While I was testing https://gerrit.wikimedia.org/r/#/c/201446 I got the following error:

WARNING: loadpageinfo: Query on [[ar:قالب:ﻲﺘﻴﻣﺓ]] returned data on 'قالب:يتيمة'
Traceback (most recent call last):
  File "pwb.py", line 213, in <module>
    run_python_file(filename, argv, argvu, file_package)
  File "pwb.py", line 82, in run_python_file
    main_mod.__dict__)
  File "./scripts/lonelypages.py", line 280, in <module>
    main()
  File "./scripts/lonelypages.py", line 276, in main
    bot = LonelyPagesBot(generator, **options)
  File "./scripts/lonelypages.py", line 148, in __init__
    self._exception = orphan_template.generate(self.site)
  File "./scripts/lonelypages.py", line 99, in generate
    if not pywikibot.Page(site, self._name, template_ns.id).exists():
  File "/home/xzise/Programms/pywikibot/core/pywikibot/page.py", line 604, in exists
    return self.site.page_exists(self)
  File "/home/xzise/Programms/pywikibot/core/pywikibot/site.py", line 2415, in page_exists
    return page._pageid > 0
AttributeError: 'Page' object has no attribute '_pageid'

It seems odd that it returns the data for a different page.

Event Timeline

XZise created this task.Apr 2 2015, 12:08 PM
XZise raised the priority of this task from to Needs Triage.
XZise updated the task description. (Show Details)
XZise added a project: Pywikibot.
XZise added a subscriber: XZise.
Restricted Application added subscribers: Aklapper, Unknown Object (MLST). · View Herald TranscriptApr 2 2015, 12:08 PM
XZise updated the task description. (Show Details)Apr 2 2015, 12:10 PM
XZise set Security to None.
Xqt added a subscriber: Xqt.Nov 17 2015, 3:01 PM

looks like a spelling variant solved by the query result. The same bug occurred if there are html tags inside the page title e.g.

>>> import pwb, pywikibot as py
>>> s = py.Site()
>>> p = py.Page(s, u'Eaton&nbsp;Corporation')
WARNING: loadpageinfo: Query on [[de:Eaton Corporation]] returned data on 'Eaton Corporation'

Traceback (most recent call last):
  File "<pyshell#17>", line 1, in <module>
    p.exists()
  File "pywikibot\page.py", line 671, in exists
    x = self.site.page_exists(self)
  File "pywikibot\site.py", line 2901, in page_exists
    return page._pageid > 0
AttributeError: 'Page' object has no attribute '_pageid'
Restricted Application added a subscriber: StudiesWorld. · View Herald TranscriptNov 17 2015, 3:01 PM
Xqt triaged this task as High priority.Nov 17 2015, 3:01 PM

I'm pretty sure that the HTML tags problem is much easier to solve, as we can do the same transform on the client side easily.

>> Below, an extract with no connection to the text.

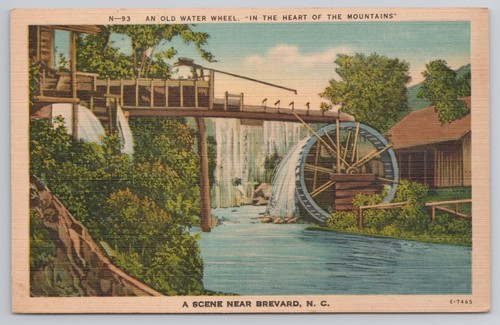 Old water wheel brevard - wheel, north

The Arabic may be unicode normalisation, in which case we can try to do the same transform on the client side. The API doesnt give any hints, and converttitles doesnt work so this isnt T101597. That may even mean this is a case where the MediaWiki-API should be, but is not, informing the client about a changed title.

Need help from someone who understands Arabic, or a MediaWiki person who understands the transform which is being done on this title.

Dalba added a comment.EditedDec 15 2015, 12:34 PM

I can confirm that this is a Unicode normalization.
For example ARABIC LETTER YEH FINAL FORM is being converted to ARABIC LETTER YEH.
You can confirm this in python as follows:

>>> unicodedata.normalize('NFKD', 'قالب:ﻲﺘﻴﻣﺓ') == unicodedata.normalize('NFKD', 'قالب:يتيمة')
True

P.S. Even though Persian and Arabic have a very similar writing system, such normalization does not exist on Persian Wikipedia.

Maybe it's related to T87645

Maybe it's related to T87645

No.

whym added a subscriber: whym.EditedMay 28 2016, 7:56 AM

It seems that Arabic normalization is controlled by $wgFixArabicUnicode in MediaWiki. T11413 and rSVN60599 provide more details. There is also $wgFixMalayalamUnicode for Malayalam.

The actual normalization data are found in serialized/normalize-ar.ser. Are the data exposed in the MediaWiki API?

I dont believe that is exposed via the API.
Is serialized/normalize-ar.ser generated from another source. Maybe a package already exists in PyPI with the same data?

whym added a comment.Jun 12 2016, 10:16 AM

The source data is extracted from http://www.unicode.org/Public/6.0.0/ucd/UnicodeData.txt.

I think it is reasonable to ask the API to expose whether $wgFixArabicUnicode is true or not (that is, to normalize or not).

The normalization procedure can be replicated in Python using the source data. MediaWiki selectively applies normalization, as shown in the PHP code of ./maintenance/language/generateNormalizerDataAr.php:

if ( ( $code >= 0xFB50 && $code <= 0xFDFF ) # Arabic presentation forms A
   || ( $code >= 0xFE70 && $code <= 0xFEFF ) # Arabic presentation forms B

As for an existing package to do the same - I'm not sure. We'd probably want something like a language-specific version of unicodedata.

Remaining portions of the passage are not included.